This is the most controversial post on Lemmy 4 months later.
People are allowed to complain about annoying widespread design standards
This is not bad design, it’s just common sense.
People are way too entitled is the problem and assume that their bad planning/thinking automatically means something is badly designed. Blame anyone but themselves.
People very upset that a company which exists to make money has used the cheaper option for the part of a TV that 80% of buyers will leave in the box anyway.
I saw a comment suggesting that it must only be $5 to add a proper stand. TCL made 30million TVs last year so that’s a substantial bonus for whoever made that choice.
Breaking news! Budget TV has budget parts!
well good thing they’re a professional company with professional engineers, glad they’re taking the easy route
i bought it because i was at the store and thought ‘damn a bedroom tv would be nice’ and it was black friday. it’s only 32" i hope it fits on the table, and if not i can rig something up, but either way, god fucking dammit these new legs are terrible design because now i have to think about this instead of them just having a damn stand in the center like everyone used to
was sort of what i was thinking
So take it back? If you put it back in the packaging and said “hey, this doesn’t fit where I want it”, they should take it back. I’ve never dealt with a store that wouldn’t.
I could see this if you ordered it online, sight unseen. Like, if the website were text-based and had no pictures and the description was “It’s a TV”. But you were at a physical store…
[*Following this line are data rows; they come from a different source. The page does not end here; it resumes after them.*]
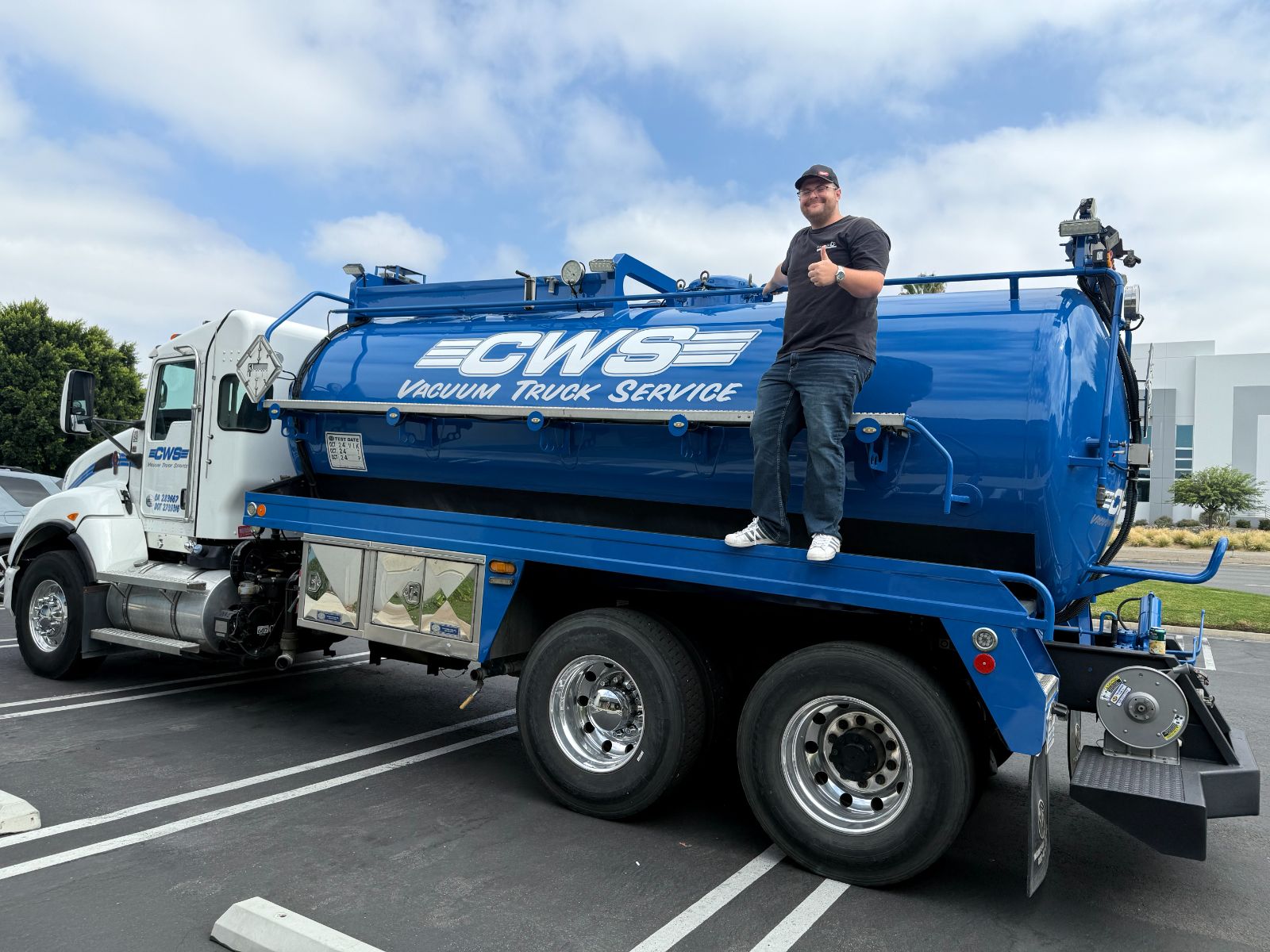 Blue CWS vacuum tanker truck in a parking lot with a man standing on the deck giving a thumbs up: large white 'CWS Vacuum Truck Service' vinyl graphics along the tank, installed by Hi Sign, Brea, CA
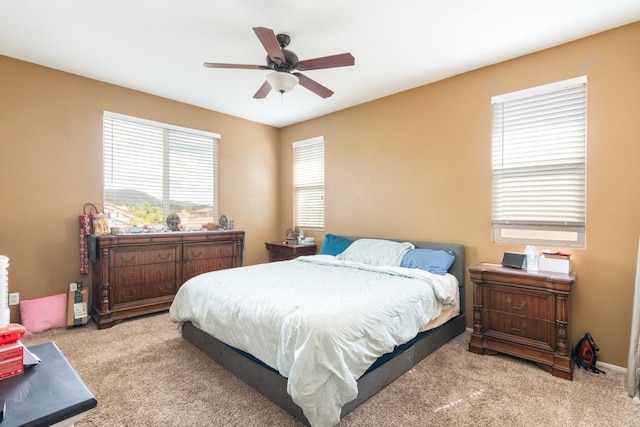 carpeted bedroom featuring a ceiling fan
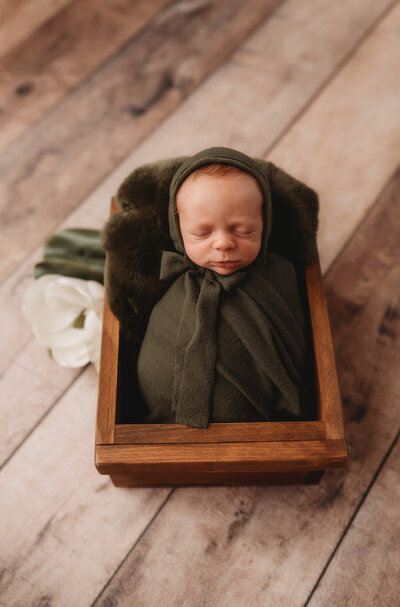Infant posed for Newborn Photoshoot in Charleston, SC.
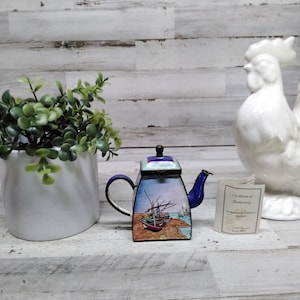 May include: A decorative teapot with a coastal scene, featuring a blue handle and spout, and a white ceramic rooster figurine. A white ceramic pot with green foliage is to the left of the teapot.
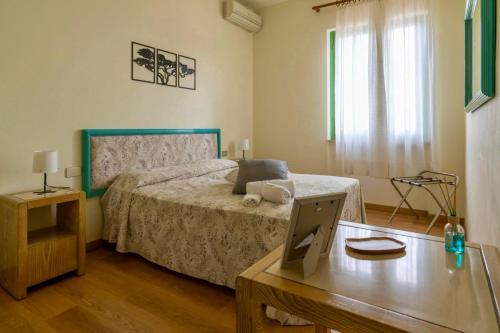 Postel nebo postele na pokoji v ubytování Tana del Cinghiale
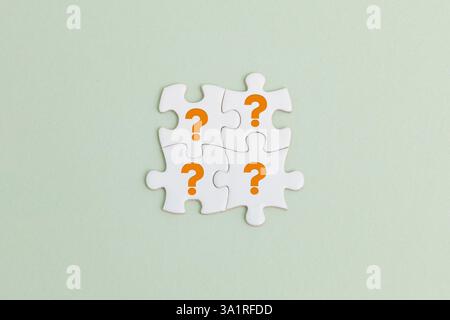 Das Bild zeigt vier weiße Puzzleteile, die auf einem hellgrünen Hintergrund miteinander verbunden sind. Jedes Stück hat ein orangefarbenes Fragezeichen, Stockfoto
He knew the dimensions of the place where the TV was supposed to go.
He went to the store, saw the TV, he saw the box with a picture of it.
So he brought it home, unpacked it, placed it where it was obviously not going to be able to go.
Then he plugged it in and turned it on.
And instead of just putting it back in its packaging and bringing it back to the store and admit defeat. Or order a new piece of furniture Amazkea.
He instead went on here to fucking complain.
They gambled on an eyeball measurement from memory and lost. It’s not that deep.
They don’t need to return it because it can still be mounted on a stand or wall. And maybe they want to watch crooked Netflix in the meantime.
…And they complained on mildly infuriating, which seems appropriate because it’s not that big of a deal.
“weight distribution”… They weight practically nothing, and even old heavy ass CRTs sat on narrow platform mounts
Well I guess they just so it to annoy people then. There’s no other reasons why they’d do this right?
Cost cutting. When huge TVs only cost a few hundred dollars and everything else has gotten super expensive, they have to cut corners
Why is it cutting corners though?
Ideally you’d have the option for both a central stand and the two sides in the one box, but then that’s being wasteful and bad for the environment.
There really isn’t a good option here. In that case I’d say it’s on the consumer to figure out beforehand what the stand is and decide whether they like it or not, not on the company to magically know what stand the consumer needs.
Many companies do shitty things but this stand issue really is a non-issue.
The wider the TV gets, the more stable a two-feet-at-the-ends design becomes compared to a single central foot.
Plus if you need anything else, VESA mounts are super-standard and you just get whatever you need then use it on every Tv you buy.
I wish higher end TVs had the option to buy without the stand. They always have beefy center stands in the box even though everyone mounts high end TVs.
Now I’m just stuck with a 50lbs stand that I have no use for.
The G series of LG TVs comes with a flush wall mount kit and no stand at all.
Nobody tell him about what TV makers expected of you when they were all CRTs…
When they weighed 70+ lbs.
I’m old enough to remember when there were TV repairmen who came to your house.
LBS - Local Bike Shop? How do you measure weight in bike shops?
So many people attacking OP and perhaps not remembering there was a time when nearly all flat panel TVs came on a pedestal mount. The designs were largely changed to mitigate claims and liability.